US 4499949 A
In-situ combustion of tar sand formations is improved by introducing into an unminable tar sand formation prior to initiation of in-situ combustion hydrogen sulfide produced from upgrading tar sands from a minable tar sand formation in an area proximate the area of the unminable formation. The stream of hydrogen sulfide may contain a small proportion of hydrocarbons condensible at temperature and pressure conditions of the unminable formation. The improvement is applicable to both forward and reverse in-situ combustion processes.
1. The invention is a method for the recovery of hydrocarbons (bitumen) from a tar sand deposit having a minable tar sand formation and an unminable tar sand formation in an area proximate to the area of the minable formation, said unminable tar sand formation penetrated by at least one injection well and at least one spaced-apart production well, said injection well and production well being in fluid communication with a substantial portion of the unminable formation, comprising:
(a) mining the tar sands from the minable formation;
(b) conveying the mined tar sands to a processing operation wherein the tar sands are processed to recover bitumen and by-product hydrogen sulfide;
(c) injecting a predetermined amount of said hydrogen sulfide into said unminable tar sand formation via said injection well;
(d) initiating an in-situ combustion reaction in the unminable formation by injecting an oxygen containing gas into the injection well; and
(e) continuing to inject an oxygen containing gas into the injection well to propagate the combustion zone through the formation to stimulate recovery of hydrocarbons from the formation via the production well.
2. The process according to claim 1 wherein the hydrogen sulfide is injected into the lower portion of the unminable formation.

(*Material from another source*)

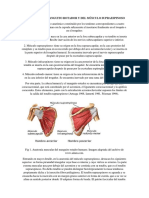 Anatomía Del Manguito Rotador y Del Músculo Supraespinoso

3. A process according to claim 1 wherein the hydrogen sulfide contains 1 percent to 10 percent by volume of a condensable hydrocarbon gas having a condensation point of not more than 100° C. at a pressure of one atmosphere.
4. A process according to claim 3 wherein said condensable hydrocarbon gas is normal butane, iso-butane, normal pentane, isopentane, hexane, heptane, isomers thereof, or mixtures thereof.
5. A process according to claim 1 wherein said stream of hydrogen sulfide is introduced into the subterranean formation until said subterranean formation is substantially saturated with said hydrogen sulfide.
6. A process according to claim 5 wherein, following said substantial saturation, said hydrogen sulfide undergoes autoignition at about 250° C. and at the ambient pressure of the formation.
7. A process according to claim 1 wherein said hydrogen sulfide contains 1 percent to 10 percent by volume of a condensable compound having a condensation point of not more than than 100° C. at ambient pressure.
8. A process according to claim 7 wherein said condensable compound is normal butane, iso-butane, normal pentane, isopentane, hexane, heptane, isomers thereof, or mixtures thereof, methylamine, t-butylamine, ethylamine and mixtures thereof.
The present invention is directed to a method for recovering hydrocarbons (bitumen) from tar sand deposits. According to the process, hydrogen sulfide is generated by upgrading bitumen produced from minable tar sands and hydrocarbons are recovered from an unminable subterranean tar sand formation in an area proximate to the area of the hydrogen sulfide recovery by utilizing an improved in-situ combustion operation wherein the hydrogen sulfide is injected into the subterranean formation prior to commencement of combustion.
Increasing worldwide demand for petroleum products, combined with continuously increasing prices for petroleum and products recovered therefrom, has prompted a renewed interest in the sources of hydrocarbons which are less accessible than crude oil of the Middle East and other countries. One of the largest deposits of such sources of hydrocarbons comprises tar sands deposits found in Northern Alberta, Canada, and in the Midwest States of the United States. While the estimated deposits of hydrocarbons contained in tar sands are enormous (e.g., the estimated total of the deposits in Alberta, Canada is 250 billion barrels of synthetic crude equivalent), only a small proportion of such deposits can be recovered by currently available mining technologies (e.g., by strip mining). For example, in 1974 it was estimated that not more than about 10 percent of the then estimated 250 billion barrels of synthetic crude equivalent of deposits in Alberta, Canada was recoverable by the then available mining technologies. (See SYNTHETIC FUELS, March 1974, Pages 3-1 through 3-14). The remaining about 90 percent of the deposits must be recovered by various in-situ techniques such as electrical resistance heating, steam injection and in-situ forward and reverse combustion. In addition to tar sands, heavy, viscous crudes and crudes from partially depleted reservoirs are also recoverable by in-situ production techniques.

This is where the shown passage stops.